From 75c9ba313fbfe959ad3c456d11089064fad66968 Mon Sep 17 00:00:00 2001
From: =?utf8?q?=EB=B0=95=EC=A2=85=ED=98=84/=EB=8F=99=EC=9E=91=EC=A0=9C?=
 =?utf8?q?=EC=96=B4Lab=28SR=29/Staff=20Engineer/=EC=82=BC=EC=84=B1?=
 =?utf8?q?=EC=A0=84=EC=9E=90?= <jh1302.park@samsung.com>
Date: Tue, 12 Jun 2018 16:53:43 +0900
Subject: [PATCH] [Pure CL] Support DepthwiseConv2D (#1661)

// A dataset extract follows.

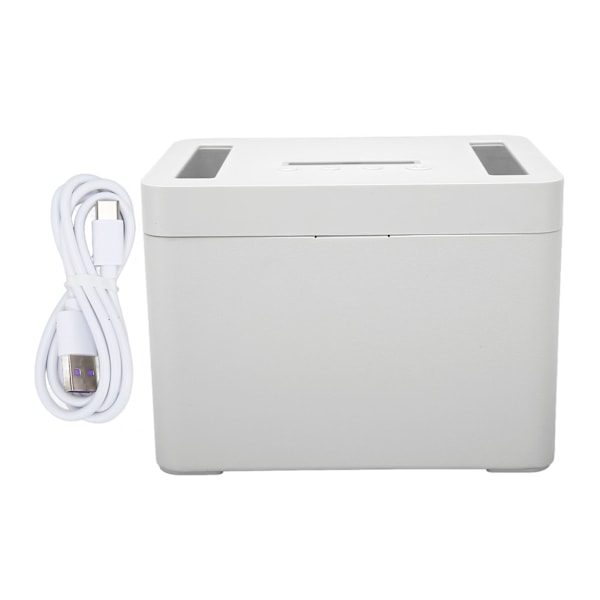 Timed Lock Box Metall LED Display 365 Days Self Control Time Lock Container med barnlås för telefoner Snacks M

This commit introduces DpethwiseConv2D operation support in pure CL
runtime.

Signed-off-by: Jonghyun Park <jh1302.park@samsung.com>
---
 runtimes/pure_arm_compute/src/compilation.cc       | 121 +++++++++++++++++++++
 .../src/internal/op/DepthwiseConv2D.cc             |  67 ++++++++++++
 .../src/internal/op/DepthwiseConv2D.h              |  65 +++++++++++
 .../pure_arm_compute/src/internal/op/NodeVisitor.h |   2 +
 runtimes/pure_arm_compute/src/model.cc             |  25 +++++
 5 files changed, 280 insertions(+)
 create mode 100644 runtimes/pure_arm_compute/src/internal/op/DepthwiseConv2D.cc
 create mode 100644 runtimes/pure_arm_compute/src/internal/op/DepthwiseConv2D.h
diff --git a/runtimes/pure_arm_compute/src/compilation.cc b/runtimes/pure_arm_compute/src/compilation.cc
index cb887d2..4bf4d96 100644
--- a/runtimes/pure_arm_compute/src/compilation.cc
+++ b/runtimes/pure_arm_compute/src/compilation.cc
@@ -20,6 +20,7 @@
 #include <arm_compute/runtime/CL/functions/CLTopKV2.h>
 #include <arm_compute/runtime/CL/functions/CLReduceMax.h>
 #include <arm_compute/runtime/CL/functions/CLCast.h>
+#include <arm_compute/runtime/CL/functions/CLDepthwiseConvolutionLayer.h>
 
 #include "internal/arm_compute/Cast.h"
 #include "internal/arm_compute/kernel/View.h"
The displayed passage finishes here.